The aim of this project was to test and use the above-mentioned method in a new application to produce EVs that contain the receptor binding domain (RBD) of the SARS-CoV2 Spike protein. First, the DNA constructs were created that coded the CD63 transmembrane helix 3, tagged with blue fluorescent protein on one end and the RBD on the other. To create stable HEK293 cell lines that express the engineered CD63 protein, the Sleeping Beauty transposon-transposase system was used.
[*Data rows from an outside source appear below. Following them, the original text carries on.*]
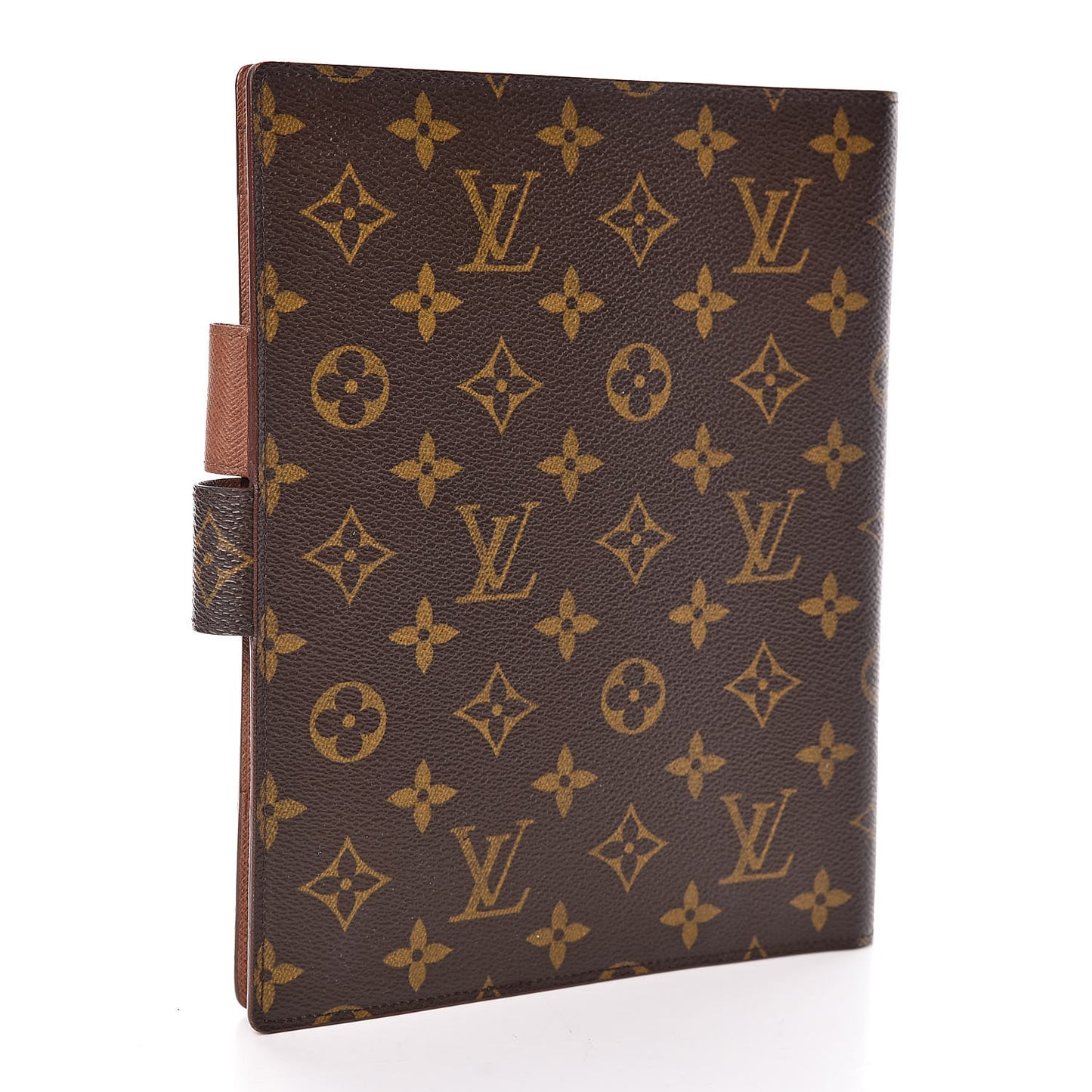 Monogram Large Ring Agenda Cover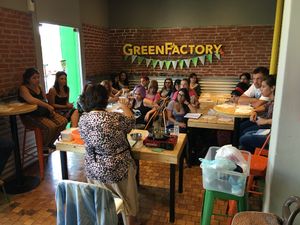 Curso de cocina en GreenFactory®  at Green Factory in Adrogue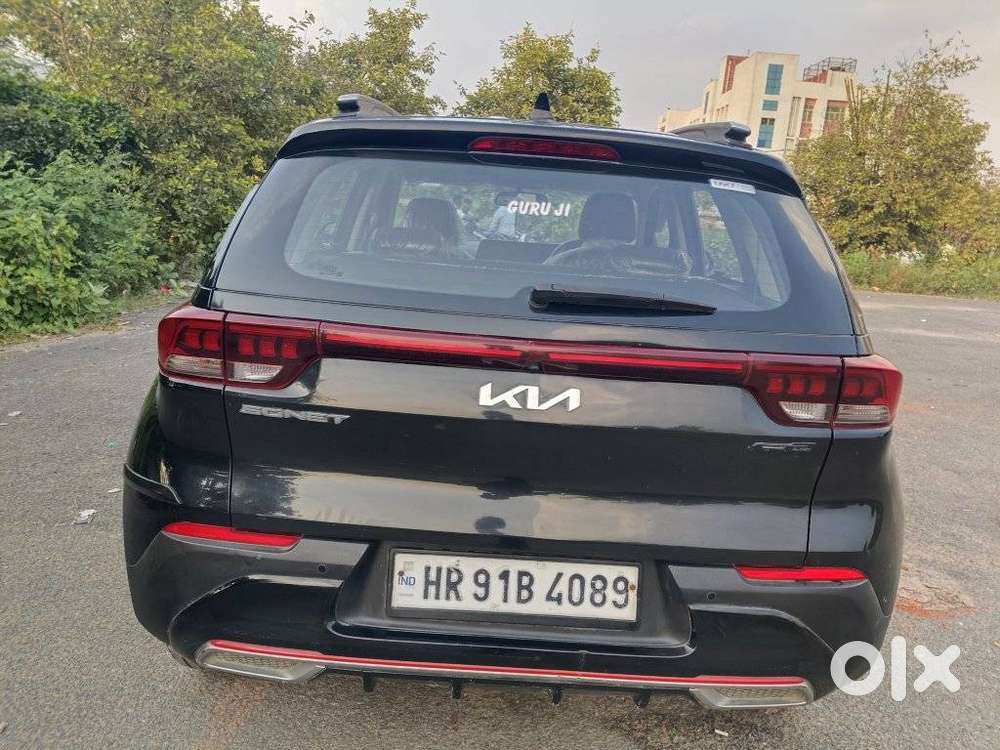 Kia Sonet Gtx Plus At D, 2021, Diesel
Cell lines created by this method express the blue fluorescent protein bound to the EV membrane and the green fluorescent protein in the cytoplasm. The sorted cells show green and blue fluorescence even after long-term culturing. Sequencing results show the presence of the modified CD63 protein-coding DNA sequence incorporated in the genome of the cell lines. Our aim is to further characterize the generated cell lines, separate and analyze the extracellular vesicles produced by the HEK293 cells.

SUPPORTED BY THE ÚNKP-21-3-I NEW NATIONAL EXCELLENCE PROGRAM OF THE MINISTRY FOR INNOVATION AND TECHNOLOGY FROM THE SOURCE OF THE NATIONAL RESEARCH, DEVELOPMENT AND INNOVATION FUND.